Netspeak – praktische Formulierungshilfe für englische Texte

Die “Webis-Gruppe” (Institut für Webtechnologie und Information Systems) an der Fakultät Medien der Bauhaus-Universität Weimar, die von dem Informatik-Professor Benno Stein geleitet wird, beweist immer wieder, was anwendungsorientierte Forschung im besten Sinne bedeuten kann. Im Bereich Information Retrieval hat sie bereits mehrfach mit innovativen Projekten auf sich aufmerksam gemacht, beispielsweise durch das Social-Media-Textanalyse-Tool OpinionCloud.

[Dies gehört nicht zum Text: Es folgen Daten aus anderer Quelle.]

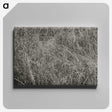 2-10_Alfred-Stieglitz_canvas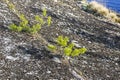 Two small pines in the crack of a granite rock.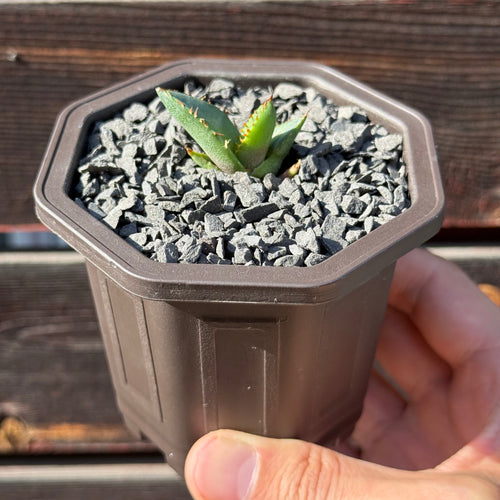 【CAUDEXSAN】<br>アガベ チタノタ パンダ<br>GT-18-1（小株）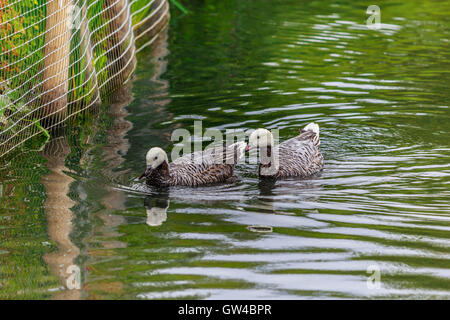 Alle Arten von Gans und Gänse bei WWT London Barnes Stockfoto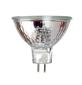 Ring Zoe Light Spare Bulb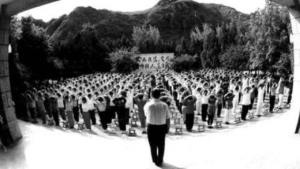 Large group practicing Qigong outdoors, guided by an instructor, demonstrating the unity and energy flow central to the practice.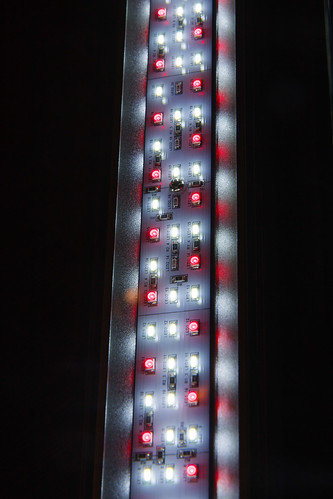 Red and White LED's in Planted + Aquarium Light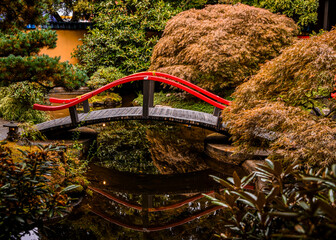Serene red bridge over tranquil pond in lush garden setting during early morning light in peaceful...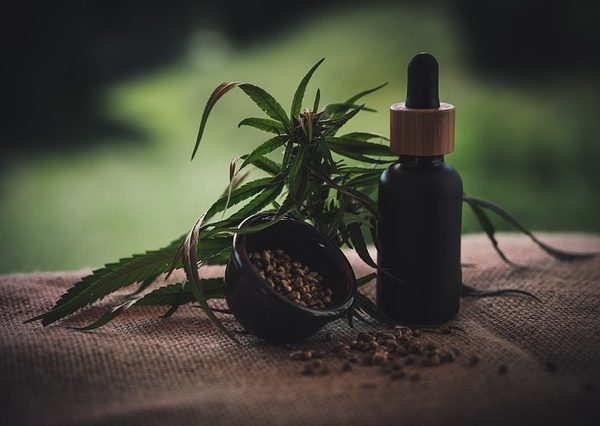 Comment trouver du CBD de qualité pour votre chat stressé ?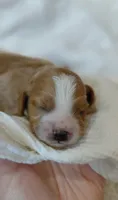Kellan, a male Cavalier King Charles Spaniel and Cockalier for sale in Lincoln, MO – 1 of 4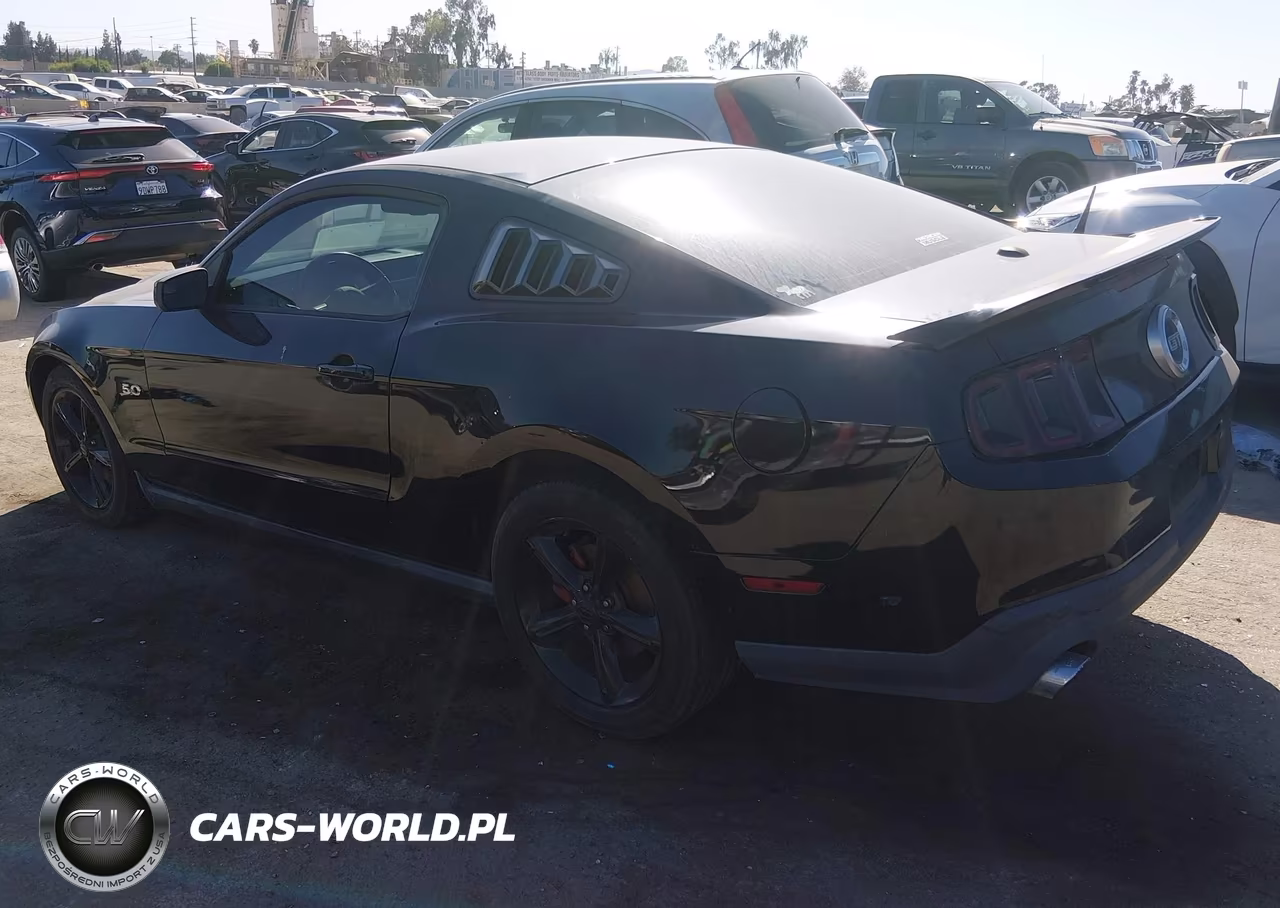 2012 Ford Mustang Gt Premium VIN:1ZVBP8CF6C5209704 - 3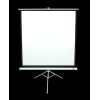 Schermo per proiezione con treppiede Elite Screens T113NWS1 2,87 m 1:1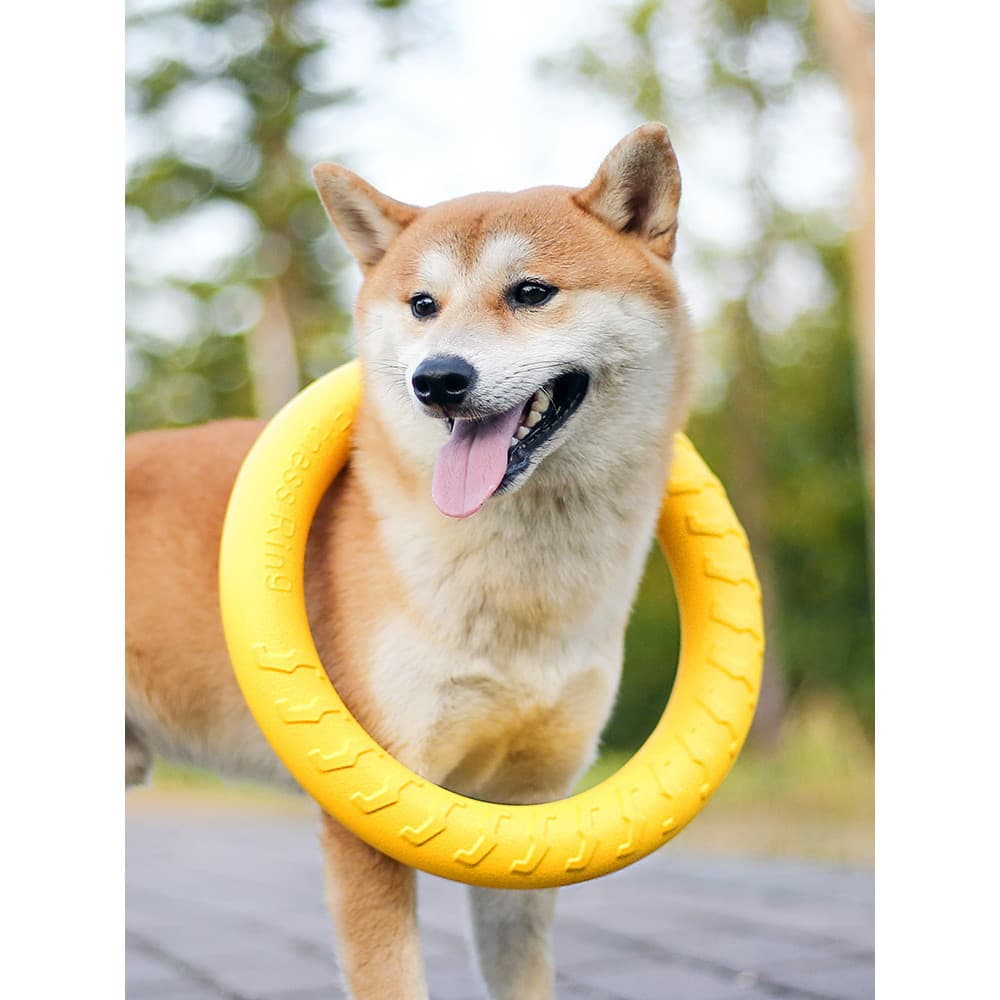 Brinquedo para cachorro flutuante água grande escala cão Labrador Golden Retriever tédio aliviar ferramenta útil anel in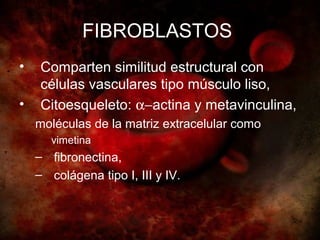FIBROBLASTOS
•    Comparten similitud estructural con
     células vasculares tipo músculo liso,
•    Citoesqueleto: α−actina y metavinculina,
    moléculas de la matriz extracelular como
       vimetina
    – fibronectina,
    – colágena tipo I, III y IV.
 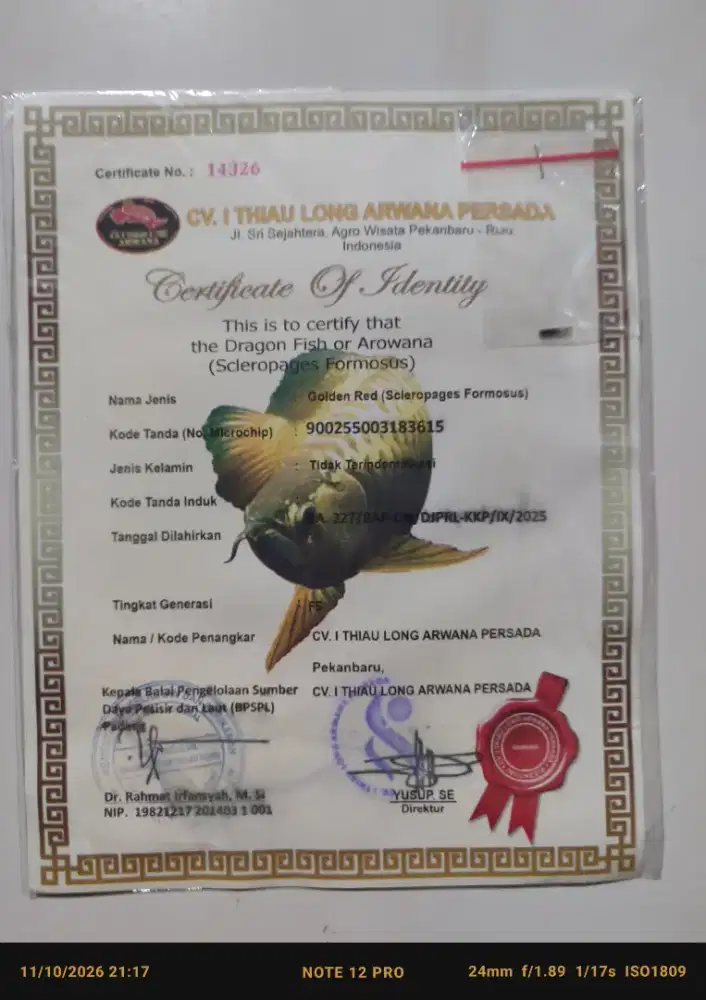 sertifikat dan chip arwana golden red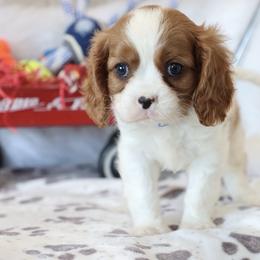 Alan-Blue Collar - Blenheim male Cavalier King Charles Spaniel puppy in Green Forest, Arkansas from Horseshoe Drive Kennel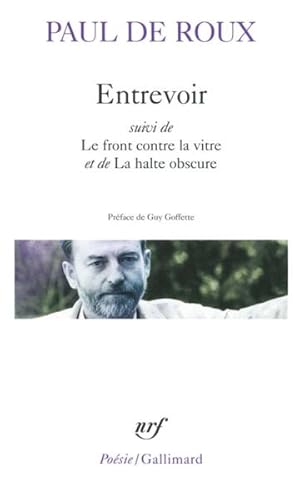 entrevoir ; le front contre la vitre ; la halte obscure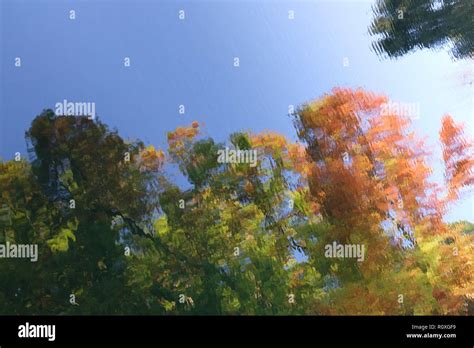 blue sky autumn development  res stock photography  images alamy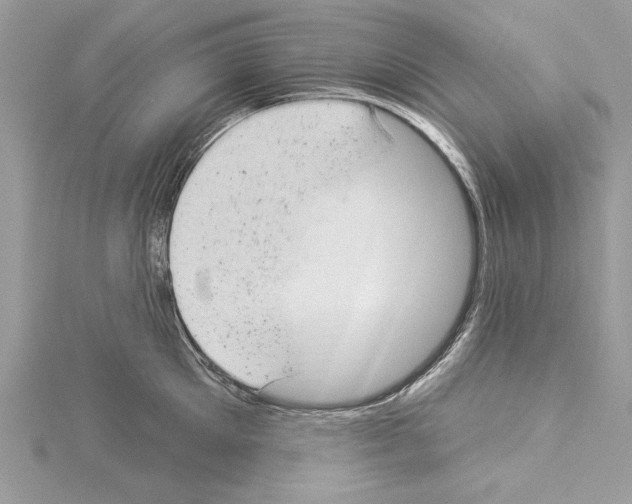 X0000114490905200911301103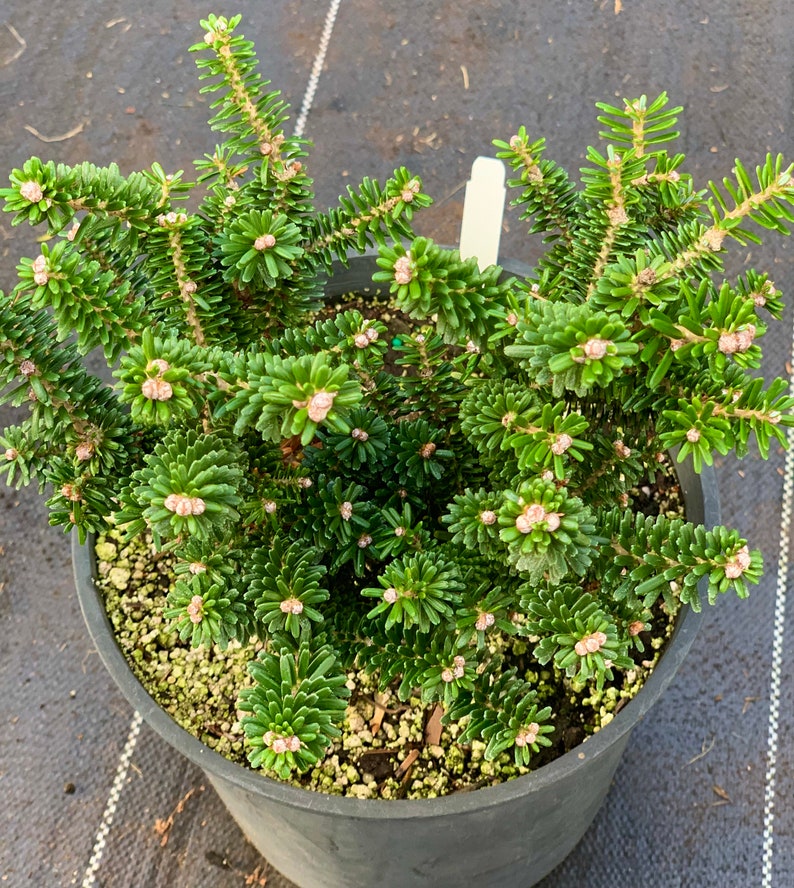 Abies koreana 'Alpine Star' Alpine Star Korean Fir 6-year-old graft. image 1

Jetzt hat die Gruppe einmal mehr ein Werkzeug herausgebracht, das im Arbeitsalltag tatsächlich nützliche Dienste leisten kann: In die Sprachsuchmaschine Netspeak kann man englischsprachige Sätze eingeben, von denen man unsicher ist, wie diese in gutem Sprachgebrauch fortgesetzt werden – und die Maschine füllt die Lücke. Wenn man beispielsweise seit Tagen auf die Antwort eines Geschäftspartners in den USA wartet: Wie sagt man noch gleich: “I am waiting  for response?” oder besser “for your response?” oder war es “on response?” Die Eingabe “waiting * response” liefert hilfreiche Hinweise: In dem zugrundeliegenden Textkorpus – frei verfügbare Community-Texte wie Wikipedia oder journalistische Quellen wie cnn.com – wird die Kombination “waiting for a response” mit Abstand am häufigsten genutzt, noch vor “waiting for response” und “waiting for your response”. Netspeak gibt dazu jeweils die absolute Zahl der Vorkommen im Korpus sowie die relative Häufigkeit in Prozent an. Mit Hilfe eines oder zweier Lückenfüller (“waiting ? response” bzw. “waiting ?? response”) wird, im Unterschied zum Asterisk, der beliebig viele Worte ersetzt, genau nach einem bzw. zwei Worten gesucht. So erhält man die Auskunft, dass die neutrale Wendung “waiting for a response” offenbar weitaus gängiger ist als die direktere Variante “waiting for your response”.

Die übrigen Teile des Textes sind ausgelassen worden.